What is being asked →
In the entries below, find the line with "Larkfield Calif, Thursday." and the line with "Picture of two". Repeat exactly everything between them, those two lines included, but not the pictures.

····················

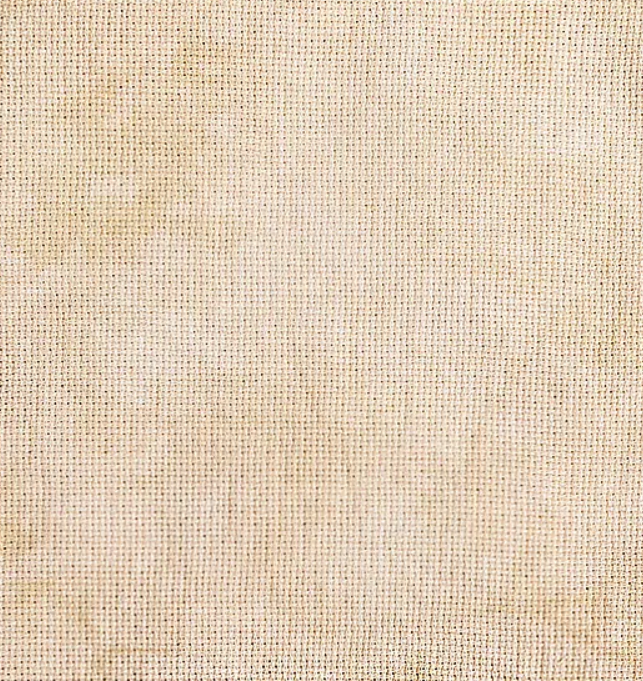 latte is a light cream color with subtle mottling of tank and brown hand dyed by fiber on a whim for cross stitch projects 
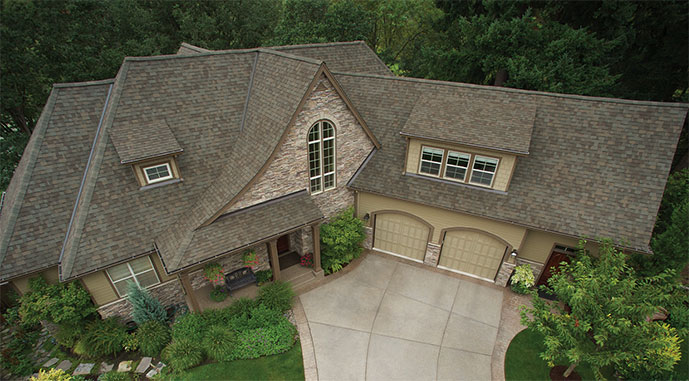 Two-story house with multi-gabled roof, stone and siding exterior, two-car garage, front porch, and surrounding greenery.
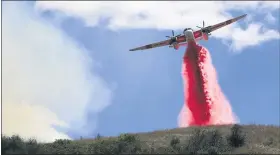  ?? KENT PORTER— THE PRESS DEMOCRAT VIA AP ?? Cal Fire air tankers help stop the spread of a brush fire in Larkfield Calif, Thursday.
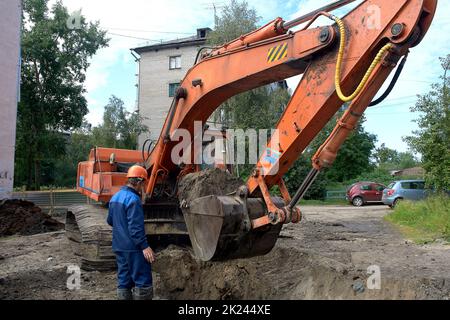 Bagger führt Erdarbeiten in der Stadt. Hochwertige Fotos Stockfoto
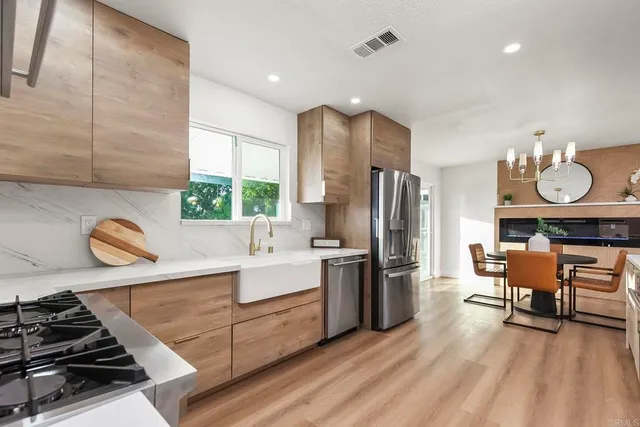 a kitchen with stainless steel appliances granite countertop a stove refrigerator and cabinets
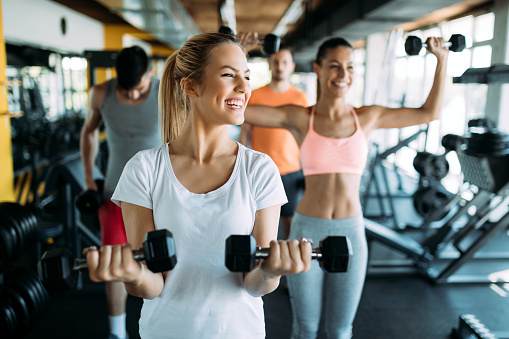 Picture of two beautiful fitness women in gym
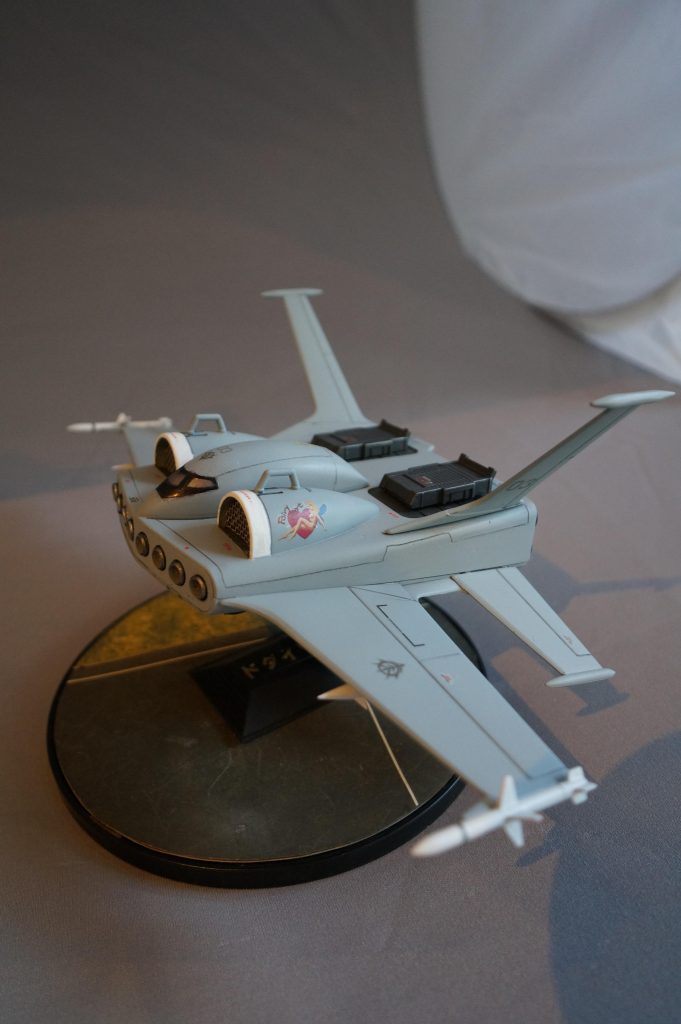 左のエアインテークにはWW2の爆撃機的な「ノーズアート」を入れてみました。エアインテーク上部にはモビルスーツ用のフックを取り付けました。また、以前から思っていたのですが、高速飛行物体に載るのにいくらMSとはいえ、浅い凹みに仁王立ちでは、すぐに振り落とされちゃうと思うので、MS搭載アタッチメント的なものをジャンクパーツで適当に設置しました。スノボの板にブーツを固定するバインディング(スロットイン)的な感じです。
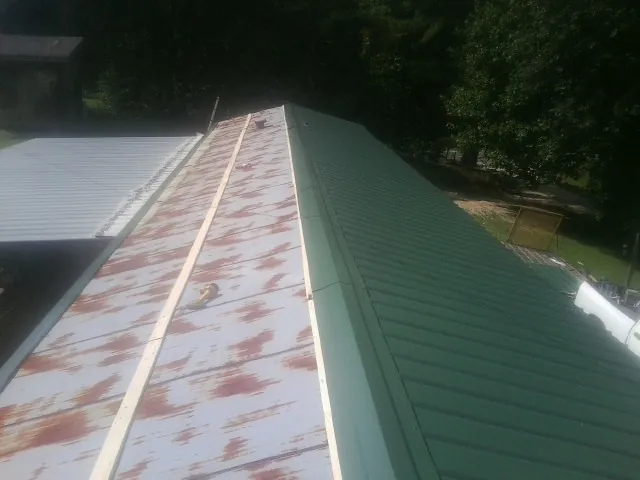Old rusted panels beside newly installed green metal roofing — Wind Damage Roof Repair by Roofing Brothers in Ackworth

····················

Answer →
  ?? KENT PORTER— THE PRESS DEMOCRAT VIA AP ?? Cal Fire air tankers help stop the spread of a brush fire in Larkfield Calif, Thursday.
 Bagger führt Erdarbeiten in der Stadt. Hochwertige Fotos Stockfoto
 a kitchen with stainless steel appliances granite countertop a stove refrigerator and cabinets
 Picture of two beautiful fitness women in gym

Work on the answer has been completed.